Understand Golang channels and how to monitor with Grafana (Part 2/2)
Ahmed Ashraf
Posted on December 9, 2019
In the first part, we talked about what are go channels and how they work and how to implement them in a scalable way.
In this part, I'll show you how to monitor them and get some useful metrics like processing time per worker. How many jobs running per minute. And some other stuff
Stack
let's take a small brief of the tools we will use to do the job.
Prometheus: is an open-source time-series metric system. also, it supports alerts but it's not our topic for today.

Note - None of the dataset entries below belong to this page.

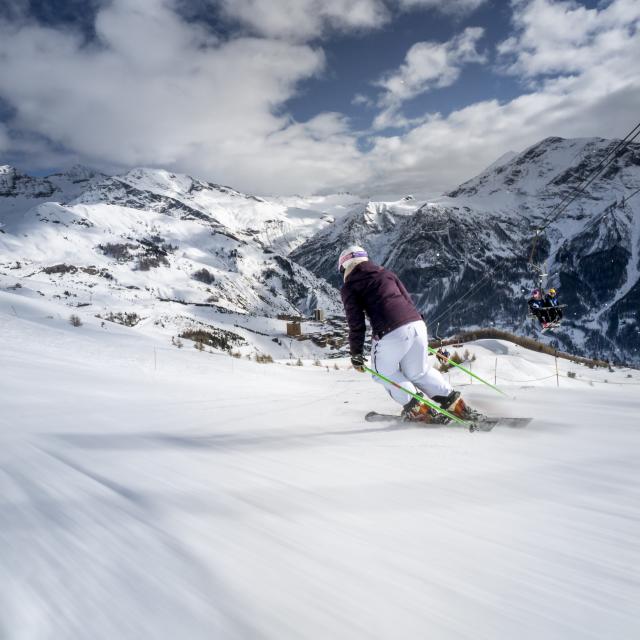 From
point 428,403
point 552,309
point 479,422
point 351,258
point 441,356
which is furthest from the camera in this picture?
point 552,309

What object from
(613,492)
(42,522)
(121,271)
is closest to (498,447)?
(613,492)

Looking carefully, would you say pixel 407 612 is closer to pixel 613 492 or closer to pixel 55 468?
pixel 613 492

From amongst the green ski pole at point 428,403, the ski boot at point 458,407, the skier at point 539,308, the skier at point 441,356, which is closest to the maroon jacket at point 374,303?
the green ski pole at point 428,403

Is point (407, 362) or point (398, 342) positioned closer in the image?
point (398, 342)

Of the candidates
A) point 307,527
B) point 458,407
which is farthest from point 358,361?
point 307,527

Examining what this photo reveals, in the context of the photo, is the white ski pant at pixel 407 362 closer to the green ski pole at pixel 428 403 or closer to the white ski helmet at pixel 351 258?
the green ski pole at pixel 428 403

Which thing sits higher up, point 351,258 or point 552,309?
point 552,309

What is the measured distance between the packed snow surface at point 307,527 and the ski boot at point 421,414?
0.96ft

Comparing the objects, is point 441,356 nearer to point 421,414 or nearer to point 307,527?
point 421,414

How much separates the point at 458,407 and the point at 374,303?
1.27m

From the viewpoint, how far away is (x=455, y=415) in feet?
12.4

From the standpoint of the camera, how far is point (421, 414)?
386 cm

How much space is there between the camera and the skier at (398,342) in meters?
3.85

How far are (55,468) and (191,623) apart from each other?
1301mm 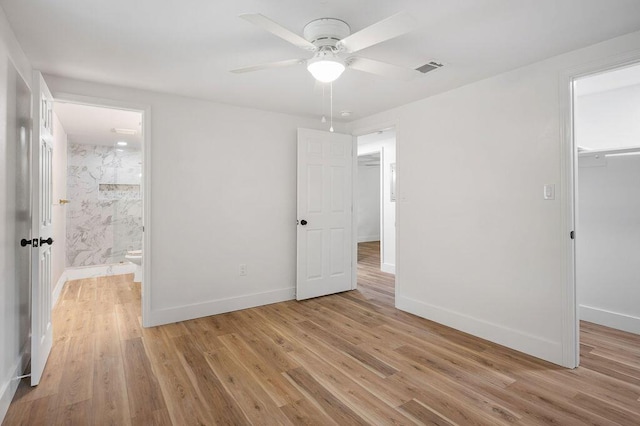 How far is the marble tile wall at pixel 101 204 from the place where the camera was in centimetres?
557

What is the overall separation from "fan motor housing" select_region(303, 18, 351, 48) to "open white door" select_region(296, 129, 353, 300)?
7.20 ft

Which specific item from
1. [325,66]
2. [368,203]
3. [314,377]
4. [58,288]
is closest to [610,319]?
[314,377]

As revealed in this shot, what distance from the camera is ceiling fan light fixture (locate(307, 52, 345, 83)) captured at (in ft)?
6.53

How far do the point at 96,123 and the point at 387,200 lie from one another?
4677mm

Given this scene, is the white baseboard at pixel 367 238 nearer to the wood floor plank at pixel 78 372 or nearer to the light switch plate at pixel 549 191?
the light switch plate at pixel 549 191

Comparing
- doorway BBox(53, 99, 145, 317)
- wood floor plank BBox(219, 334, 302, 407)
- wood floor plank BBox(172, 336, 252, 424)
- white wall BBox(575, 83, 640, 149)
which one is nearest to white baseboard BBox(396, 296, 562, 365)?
wood floor plank BBox(219, 334, 302, 407)

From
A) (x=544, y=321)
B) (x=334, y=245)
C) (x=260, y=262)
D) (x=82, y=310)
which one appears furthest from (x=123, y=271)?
(x=544, y=321)

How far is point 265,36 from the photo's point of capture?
220cm

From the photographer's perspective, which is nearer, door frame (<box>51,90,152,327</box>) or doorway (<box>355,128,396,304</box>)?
door frame (<box>51,90,152,327</box>)

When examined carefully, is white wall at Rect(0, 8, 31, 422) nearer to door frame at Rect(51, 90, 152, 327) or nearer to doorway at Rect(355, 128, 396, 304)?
door frame at Rect(51, 90, 152, 327)

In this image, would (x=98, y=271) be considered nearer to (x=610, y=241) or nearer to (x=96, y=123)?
(x=96, y=123)

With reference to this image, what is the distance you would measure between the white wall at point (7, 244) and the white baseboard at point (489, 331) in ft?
11.2

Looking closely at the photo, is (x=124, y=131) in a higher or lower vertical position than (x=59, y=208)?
higher

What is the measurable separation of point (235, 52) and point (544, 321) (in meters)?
3.19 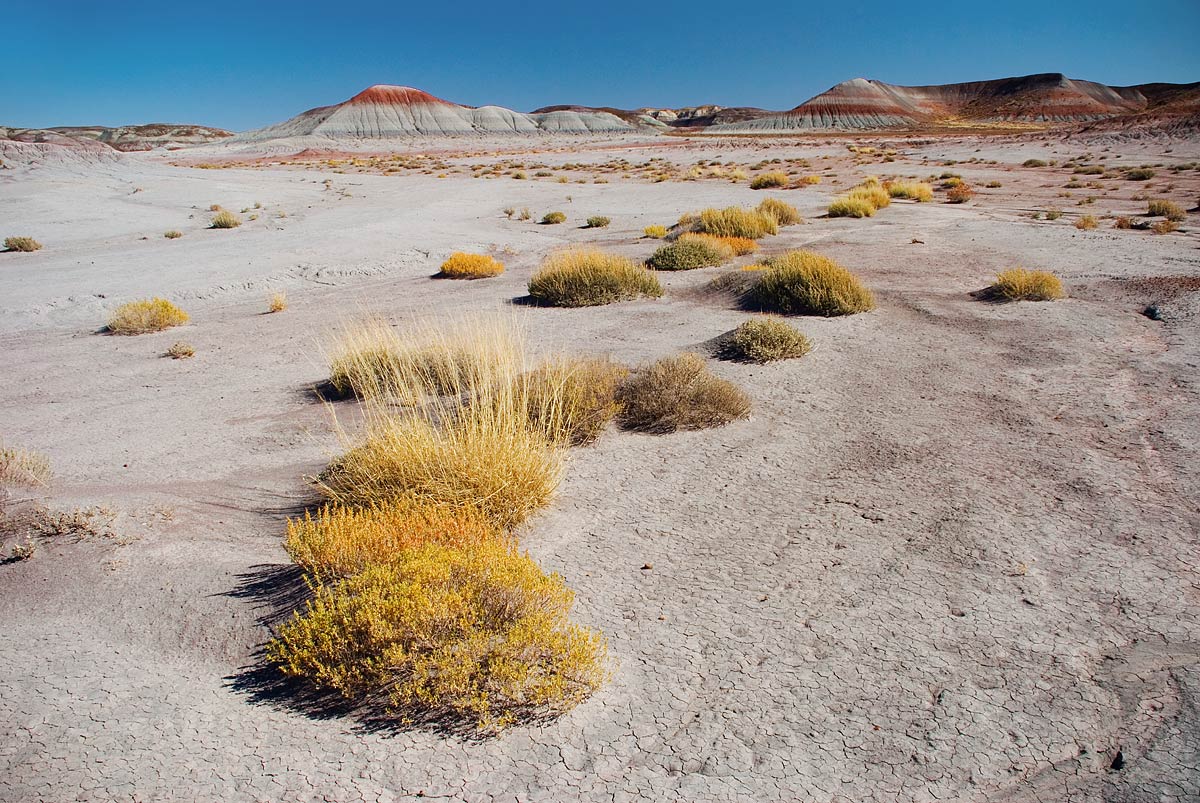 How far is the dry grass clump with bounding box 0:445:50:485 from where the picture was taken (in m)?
5.03

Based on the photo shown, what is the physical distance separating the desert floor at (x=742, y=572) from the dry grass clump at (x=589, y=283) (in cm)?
69

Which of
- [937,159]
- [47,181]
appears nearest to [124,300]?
[47,181]

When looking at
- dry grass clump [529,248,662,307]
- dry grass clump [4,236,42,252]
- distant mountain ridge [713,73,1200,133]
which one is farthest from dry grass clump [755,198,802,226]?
distant mountain ridge [713,73,1200,133]

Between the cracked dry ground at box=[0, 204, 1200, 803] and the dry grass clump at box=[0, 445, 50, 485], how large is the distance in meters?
0.37

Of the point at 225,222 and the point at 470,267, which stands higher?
the point at 225,222

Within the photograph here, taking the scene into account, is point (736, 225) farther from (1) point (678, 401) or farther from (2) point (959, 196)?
(2) point (959, 196)

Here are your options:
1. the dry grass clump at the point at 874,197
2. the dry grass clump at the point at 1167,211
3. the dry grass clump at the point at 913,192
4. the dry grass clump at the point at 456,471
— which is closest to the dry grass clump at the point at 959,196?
the dry grass clump at the point at 913,192

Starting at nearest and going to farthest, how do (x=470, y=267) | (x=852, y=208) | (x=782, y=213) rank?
(x=470, y=267)
(x=782, y=213)
(x=852, y=208)

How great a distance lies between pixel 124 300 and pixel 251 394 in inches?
237

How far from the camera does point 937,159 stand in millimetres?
41656

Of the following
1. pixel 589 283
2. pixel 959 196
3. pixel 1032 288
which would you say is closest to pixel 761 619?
pixel 589 283

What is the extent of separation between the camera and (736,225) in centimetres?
1535

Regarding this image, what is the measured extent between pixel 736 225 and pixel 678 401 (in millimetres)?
10299

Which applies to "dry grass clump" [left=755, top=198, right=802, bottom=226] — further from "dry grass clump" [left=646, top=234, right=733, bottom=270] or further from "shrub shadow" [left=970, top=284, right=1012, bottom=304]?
"shrub shadow" [left=970, top=284, right=1012, bottom=304] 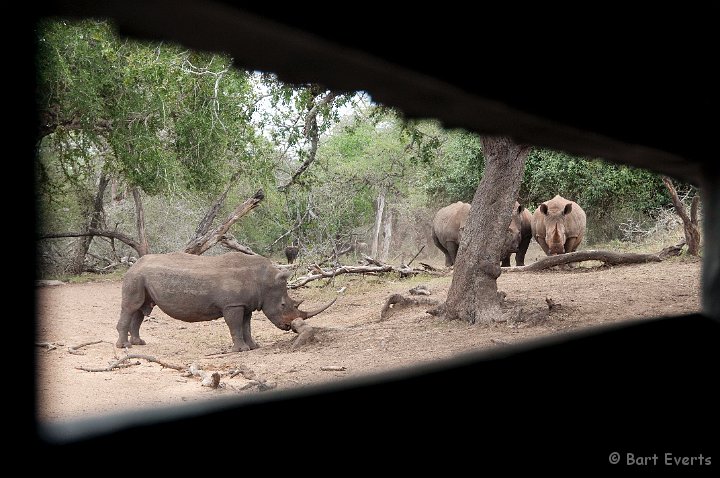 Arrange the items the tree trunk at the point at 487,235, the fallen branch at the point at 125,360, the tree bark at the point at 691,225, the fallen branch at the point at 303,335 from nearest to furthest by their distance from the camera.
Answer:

Grafana: is an open-source analytics & monitor solution that supports many data sources and we will use it with Prometheus to display the metric we fire from our Go app.
Prometheus
first, we need to define the metrics in our app and register them in Prometheus package. but let's define the types of the metric and what is the purpose of each one.
Counter: a number that can only increase or reset to zero. like how many emails you sent. it can't be at some time 5 then became 3. it can only increase.
Gauge: represents a single numerical value that can arbitrarily go up and down. like memory usage or concurrent users and for our case it's running workers and running jobs. because these numbers go up and down.
Histogram: in just an observer. based on the samples it gives you the average. like response time, response size, request duration.
Summary: It's like a histogram but also it counts the total observations and a sum of all observed values.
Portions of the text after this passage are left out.